Society for Linguistic Anthropology
Oral Presentation Session
Undoubtedly Jane H. Hill's contributions to Mexican linguistics have been many and varied. One of these is her elaboration of the concept of linguistic ideology (Hill 1992), useful in accounting for ideas and conflicts between Yaqui and Mayo speakers versus Spanish in the state of Sonora, Mexico, where I have conducted research. Linguistic ideology is very important in both language maintenance and shift processes among these Indigenous speakers in their relationship to the dominant language. In spite of this, there are more than 42,000 Mayo speakers; most children and young people do not speak the Native language, because of the impact of negative linguistic ideologies. The Yaqui language is more conservative, shifting more gradually.

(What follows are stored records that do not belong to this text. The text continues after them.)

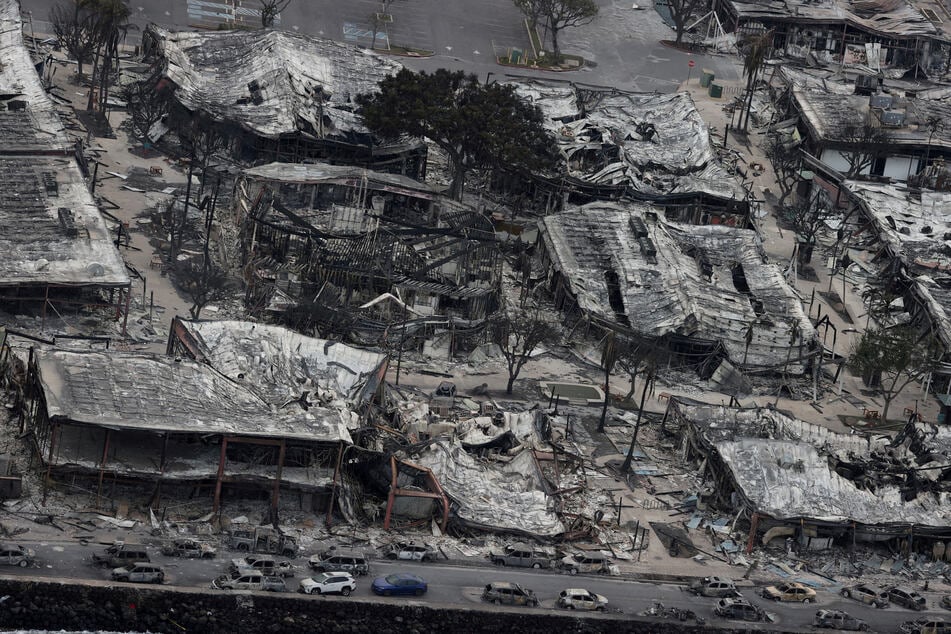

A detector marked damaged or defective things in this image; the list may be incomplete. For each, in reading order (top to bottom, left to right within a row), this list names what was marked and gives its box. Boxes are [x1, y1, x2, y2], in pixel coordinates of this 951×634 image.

charred roof structure [0, 6, 131, 326]
burned building [0, 3, 132, 326]
charred roof structure [139, 25, 426, 175]
burned storefront [139, 25, 426, 175]
burned building [139, 25, 426, 177]
charred roof structure [506, 78, 752, 223]
burned building [502, 78, 756, 223]
burned storefront [502, 77, 756, 225]
charred roof structure [712, 0, 951, 71]
burned building [712, 0, 951, 71]
burned building [237, 163, 502, 340]
charred roof structure [238, 163, 506, 340]
burned storefront [238, 160, 506, 344]
charred roof structure [540, 200, 816, 372]
burned building [536, 200, 820, 376]
burned storefront [536, 201, 820, 380]
burned building [26, 318, 390, 516]
charred roof structure [26, 318, 390, 516]
charred roof structure [668, 398, 951, 544]
burned building [668, 400, 951, 548]
burned car [692, 572, 744, 596] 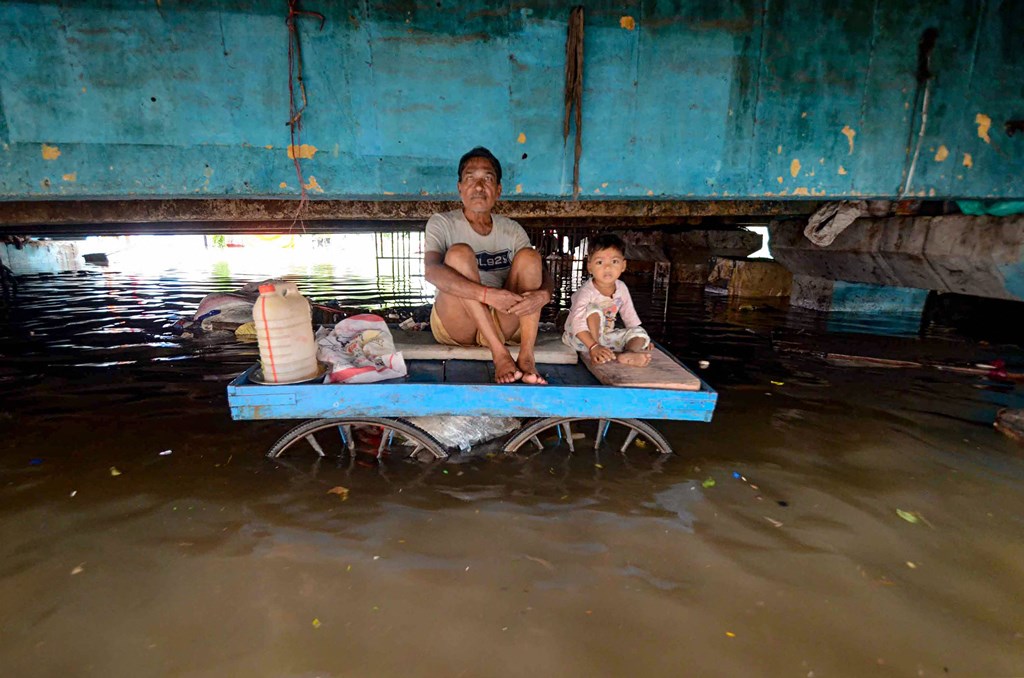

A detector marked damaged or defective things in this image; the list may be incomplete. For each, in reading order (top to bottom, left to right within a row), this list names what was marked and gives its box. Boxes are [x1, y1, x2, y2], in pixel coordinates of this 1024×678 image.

peeling paint [286, 143, 318, 159]
peeling paint [840, 125, 856, 155]
peeling paint [976, 113, 992, 144]
rusted metal beam [0, 199, 816, 234] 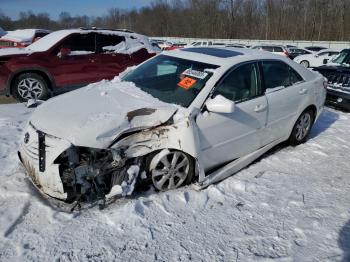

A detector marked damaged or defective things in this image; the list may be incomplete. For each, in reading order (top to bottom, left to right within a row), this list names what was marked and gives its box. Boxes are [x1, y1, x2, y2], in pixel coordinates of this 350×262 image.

crumpled hood [29, 79, 178, 148]
damaged white car [17, 46, 326, 207]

For years Mexican sociolinguists have analyzed displacement processes using the concept of diglossic ideology, taken from Catalan academics. Their examples demonstrated ways that subordinate speakers acquired dominant ideologies in the European context. However, from the linguistic anthropological perspective, the concept of linguistic ideology proved useful in revealing multiple sides and dynamics between all languages in indigenous contact situations in Mexico.
In Yaqui and Mayo speakers’ contact with Spanish speakers, we have found varying, both positive and negative forms of linguistic ideologies. Following Hill (“Manuscript”), to interpret this complex ideological process, I refer to multiple ideologies, which imply a more nuanced view of distinct realities lived by Yaqui and Mayo communities in natural speech contexts.